In [1]:
from azureml.core import Workspace,Dataset,Datastore

In [2]:
ws=Workspace.from_config()

In [5]:
import pandas as pd
import numpy as np

In [10]:
df=pd.read_csv("data/loan_data.csv")

In [11]:
dstore=ws.get_default_datastore()

In [17]:
Dataset.Tabular.register_pandas_dataframe(dataframe=df,target=(dstore,"/loandata"),name="loans",description="loan dataset")

Validating arguments.
Arguments validated.
Successfully obtained datastore reference and path.
Uploading file to /loandata/cbd512e6-0730-47fe-bf88-46ff95382a81/
Successfully uploaded file to datastore.
Creating and registering a new dataset.
Successfully created and registered a new dataset.


{
  "source": [
    "('workspaceblobstore', '/loandata/cbd512e6-0730-47fe-bf88-46ff95382a81/')"
  ],
  "definition": [
    "GetDatastoreFiles",
    "ReadParquetFile",
    "DropColumns"
  ],
  "registration": {
    "id": "9174958c-e81a-483b-9043-2e28ba018501",
    "name": "loans",
    "version": 1,
    "description": "loan dataset",
    "workspace": "Workspace.create(name='eymlws', subscription_id='afe91b36-9760-4bb8-9dd6-72761af8d4ef', resource_group='eymlops')"
  }
}

In [18]:
loans_ds=ws.datasets['loans']

In [19]:
loans_ds

{
  "source": [
    "('workspaceblobstore', '/loandata/cbd512e6-0730-47fe-bf88-46ff95382a81/')"
  ],
  "definition": [
    "GetDatastoreFiles",
    "ReadParquetFile",
    "DropColumns"
  ],
  "registration": {
    "id": "9174958c-e81a-483b-9043-2e28ba018501",
    "name": "loans",
    "version": 1,
    "description": "loan dataset",
    "workspace": "Workspace.create(name='eymlws', subscription_id='afe91b36-9760-4bb8-9dd6-72761af8d4ef', resource_group='eymlops')"
  }
}

In [20]:
compute_target=ws.compute_targets["akt-cluster"]

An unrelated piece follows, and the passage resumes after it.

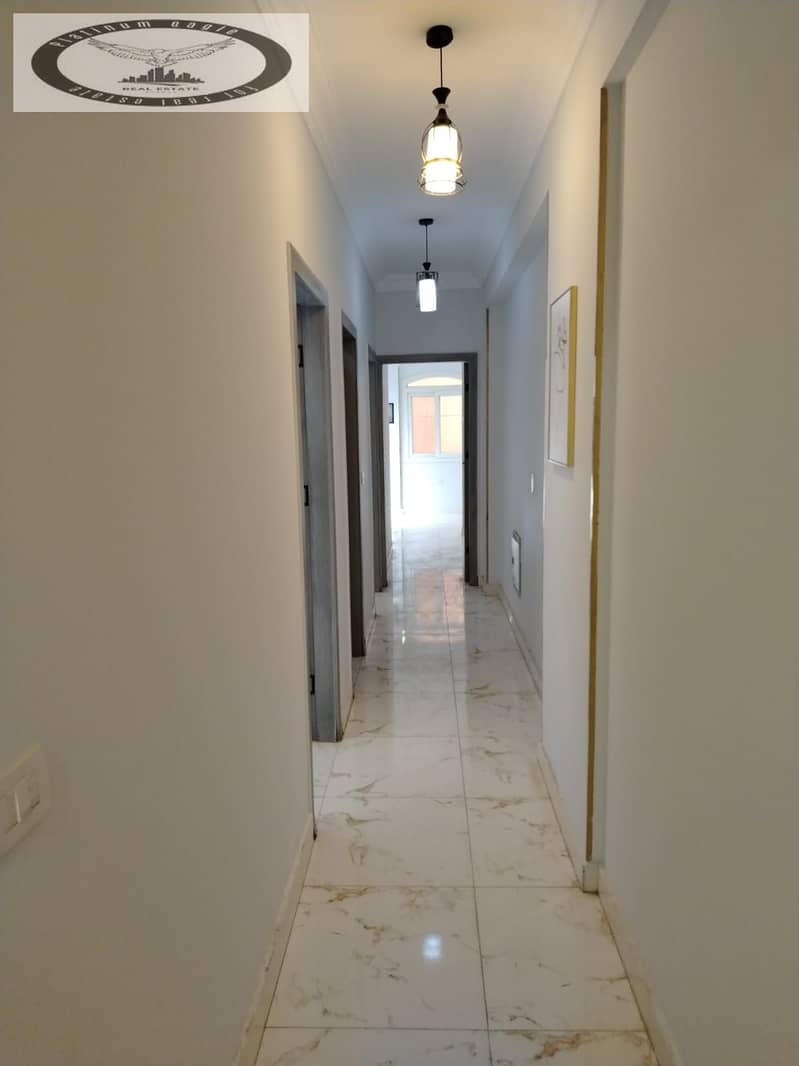 Apartment for Rent (Residential or Administrative) – First Settlement Steps away from Maxim Mall and Al Rehab - Widok 3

You will need to create a configuration object that will dictate the use of the 
AzureML-Tutorial Environment when each step gets executed. To do that, 
you will need to create a RunConfiguration using the following code:

In [21]:
from azureml.core import RunConfiguration

In [23]:
runconfig=RunConfiguration()
runconfig.environment=ws.environments["AzureML-lightgbm-3.2-ubuntu18.04-py37-cpu"]

You will then need to define a temporary storage folder where the first step will drop 
the output files. You will use the PipelineData class using the following code:

In [24]:
from azureml.pipeline.core import PipelineData

In [26]:
step01_output=PipelineData(
    "training_data",
    datastore=ws.get_default_datastore(),
    is_directory=True)

In this code, you are creating an intermediate data location named training_
data, which is stored as a folder in the default datastore that is registered in your 
AzureML workspace. You should not care about the actual path of this temporary 
data, but if you are curious, the actual path of that folder in the default storage 
container is something like azureml/{step01_run_id}/training_data.

## Now that you have all the prerequisites for your pipeline's first step, it is time to define it.

In [27]:
from azureml.pipeline.steps import PythonScriptStep

In [28]:
step01=PythonScriptStep(script_name="prepare_data.py",
                        source_directory="step01",
                        arguments = [
                             "--dataset", loans_ds.as_named_input('loans'), 
                             "--output-path", step01_output],
                        name="Prepare data",
                        runconfig=runconfig,
                        compute_target=compute_target,
                        outputs=[step01_output],
                        allow_reuse=True)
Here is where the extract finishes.